You cannot rely on this record in your tax affairs. It is not binding and provides you with no protection (including from any underpaid tax, penalty or interest). In addition, this record is not an authority for the purposes of establishing a reasonably arguable position for you to apply to your own circumstances. For more information on the status of edited versions of private advice and reasons we publish them, see PS LA 2008/4.

Edited version of your written advice

Authorisation Number: 1051238357815

Date of advice: 20 June 2017

Ruling

Subject: Assessable recoupment

Question 1

Is the base compensation amount awarded by the Financial Ombudsmen Service an assessable recoupment under subdivision 20-A of the Income Tax Assessment Act 1997?

Answer

Yes

This ruling applies for the following period:

Year ending 30 June 2017

The scheme commences on:

2017

Relevant facts and circumstances

This ruling is based on the facts stated in the description of the scheme that is set out below. If your circumstances are materially different from these facts, this ruling has no effect and you cannot rely on it. The fact sheet has more information about relying on your private ruling.

Facts

You entered into a managed investment scheme for which the responsible entity was Project Limited in the 20XX-0Y financial year.

The name of the scheme was The Project.

There was a Product Ruling for the scheme (PR 2007/12) which was withdrawn in 20ZZ.

You formed a partnership with XX in which you jointly acquired The Project for a GST inclusive cost of $X.

XX had a share in the partnership while you held the remaining share.

You and XX acquired your interest in The Project by obtaining a loan for the full purchase price from a financial institution.

The amounts you borrowed and the other expenses incurred were deducted under the partnership.

The Project wound up in 20XY and was deregistered by ASIC the same year.

In 20ZZ you took action to obtain compensation for the financial advice provided to you under the Financial Ombudsmen Service ('FOS’) scheme.

A Determination of Dispute was made by FOS in 20XZ.

FOS determined that you received and relied upon financial advice from the advisor.

FOS determined that the financial advisor made inadequate enquiries into your circumstances, particularly to tolerance to risk and therefore made inappropriate advice.

FOS determined that you would not have entered into the investment if you had received appropriate advice and that the financial advisors breach was the cause of your loss.

FOS determined that your loss should be assessed on a 'no transaction’ basis and was assessed on benefits versus expenses analysis.

This involved a determination of the costs incurred in entering the scheme minus any benefit that had been gained by being in the scheme.

The compensation was related to expenses you had deducted in the partnership.

You accepted the determination in 20XZ.

Assumption

You will receive a share of the compensation due to the share you have in the partnership.

Relevant legislative provisions

Income Tax Assessment Act 1997 section 104-25

Income Tax Assessment Act 1997 section 118-20

Income Tax Assessment Act 1997 subdivision 20-A

Reasons for decision

Summary

The compensation amount you will receive under the deed of settlement relates to the disposal of the right to seek compensation by you which resulted in CGT event C2 happening pursuant to section 104-25 of the Income Tax Assessment Act 1997 ('ITAA 97’).

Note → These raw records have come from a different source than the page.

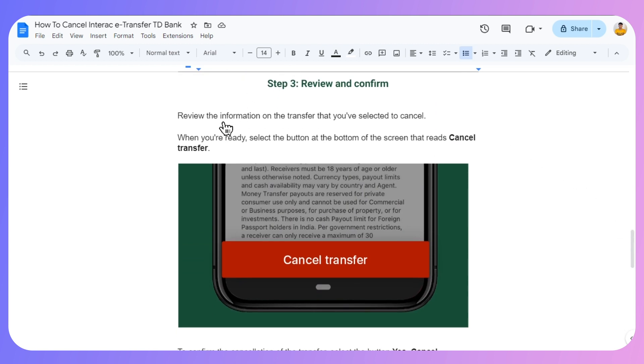Step three: review the information on the transfer that you've selected to cancel. When you're ready, select the button at the bottom of the screen that says Cancel Transfer.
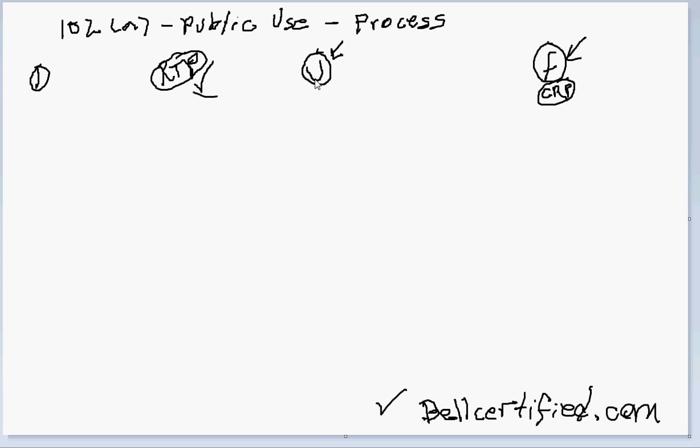Therefore, since 102A requires the prior art to be before the day of invention, this is an example of, this is not prior art, right?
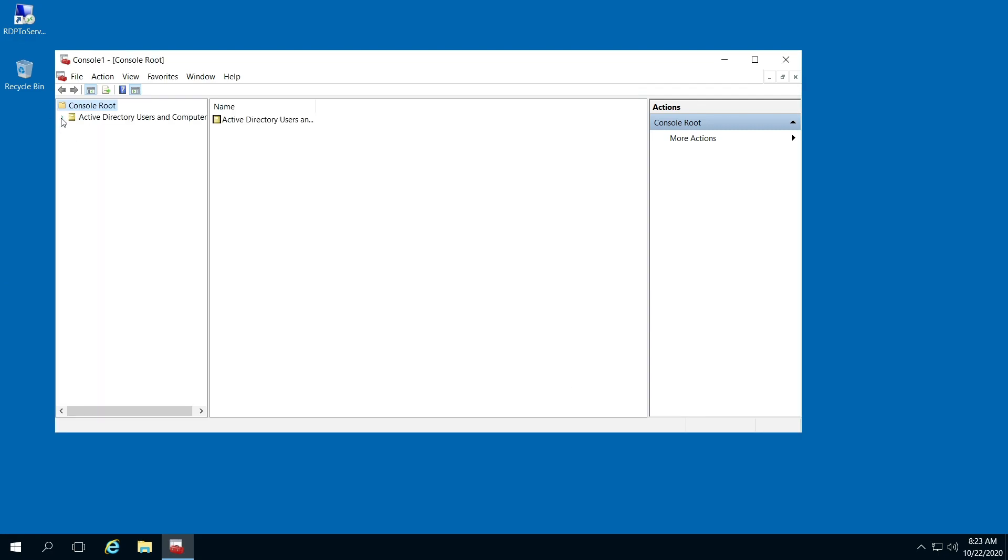In the left pane here, click the down arrow, and down arrow in your domain, and click Users.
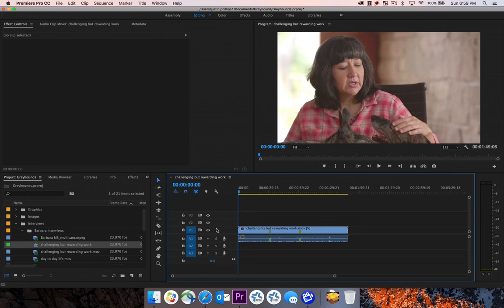And then when you go to bring in something from your camera that you've shot, Premiere will automatically shrink it down to be that very small same resolution as that file you downloaded from the internet. And you don't want that.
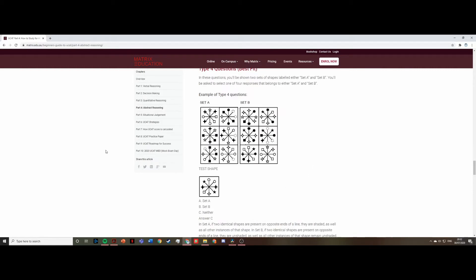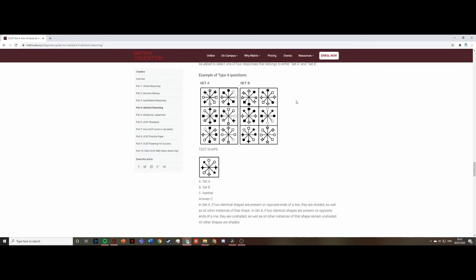Type 4 questions are very similar to Type 1. Again you have Set A and Set B, and the main point is to identify the pattern quickly and find which set the test shape fits. If it fits Set A the answer is Set A; if it fits Set B the answer is Set B; and if it fits neither, the answer is Neither. Now that you understand the different types, I'm going to go through my top tips to help boost your abstract reasoning score.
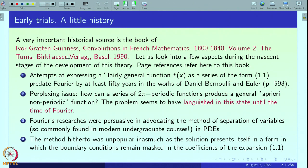The perplexing issue was the following: how can a series of 2π-periodic functions — sin x, sin 2x, sin 3x, cos x, cos 2x, cos 3x — all 2π-periodic smooth functions on the real line, how can a superposition of such 2π-periodic functions produce a general, a priori non-periodic function? This problem seems to have languished in this state of affairs until the time of Fourier.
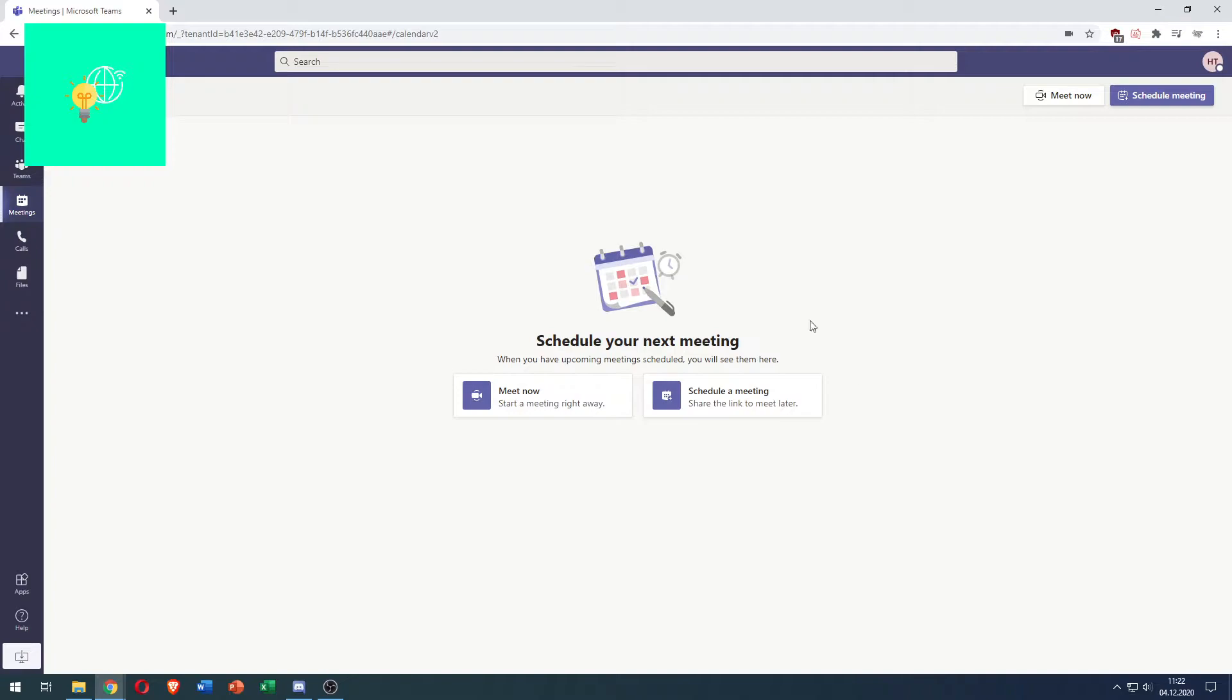As you can see here I opened up Microsoft Teams in my browser and this works the same way if you have downloaded the desktop app so just follow the steps I'm taking.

The compensation amount did not arise from any permanent damage to, or reduction in the value of, the underlying asset, being the investments in the Project.

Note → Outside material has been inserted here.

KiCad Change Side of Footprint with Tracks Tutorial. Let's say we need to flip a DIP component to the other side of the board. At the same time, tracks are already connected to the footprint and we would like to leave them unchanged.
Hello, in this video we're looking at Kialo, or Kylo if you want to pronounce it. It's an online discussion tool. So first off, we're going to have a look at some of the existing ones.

The amount paid to compensate you for the 'monetary loss’ incurred in relation to the Project falls within the meaning of an indemnity. As the compensation amount, in whole recouped expenditure for which you have claimed a tax deduction, this amount will constitute an 'assessable recoupment’.

The assessable recoupment provisions take precedence over the CGT provisions.

Detailed reasoning

The compensation amount you will receive under the deed of settlement relates to the disposal of the right to seek compensation by you, which resulted in CGT event C2 happening pursuant to section 104-25 of the Income Tax Assessment Act 1997 (ITAA 97). The compensation amount did not arise from any permanent damage to, or reduction in the value of the investments in the Project and the compensation amount is for the disposal of the right to seek compensation.

However section 118-20 ITAA 97 has the function of reducing capital gains if the amount is otherwise assessable, such as with an assessable recoupment.

'Recoupment’ and 'assessable recoupment’

Subdivision 20-A applies where a taxpayer has received an amount as recoupment of a deductible loss or outgoing. The effect of Subdivision 20-A is to include the recouped amount in your assessable income to the extent the loss or outgoing has or can be deducted.

What is considered to be an 'assessable recoupment’ is set out in section 20-20 as follows:

    Insurance or indemnity

    (2) An amount you have received as *recoupment of a loss or outgoing is an assessable recoupment if:

      (a) you received the amount by way of insurance or indemnity; and

      (b) you can deduct an amount for the loss or outgoing for the * current year, or you have deducted or can deduct an amount for it for an earlier income year, under any provision of this Act.

    Other recoupment

    (3) An amount you have received as *recoupment of a loss or outgoing (except by way of insurance or indemnity) is an assessable recoupment if:

      (a) you can deduct an amount for the loss or outgoing for the *current year; or

      (b) you have deducted or can deduct an amount for the loss or outgoing for an earlier income year;

    under a provision listed in section 20-30.

Whether the compensation amount received by you would fall within the meaning of an 'assessable recoupment’ is limited to an amount received by way of insurance or indemnity. This is because none of the provisions listed in the table in subsection 20-30(1) apply to your circumstances.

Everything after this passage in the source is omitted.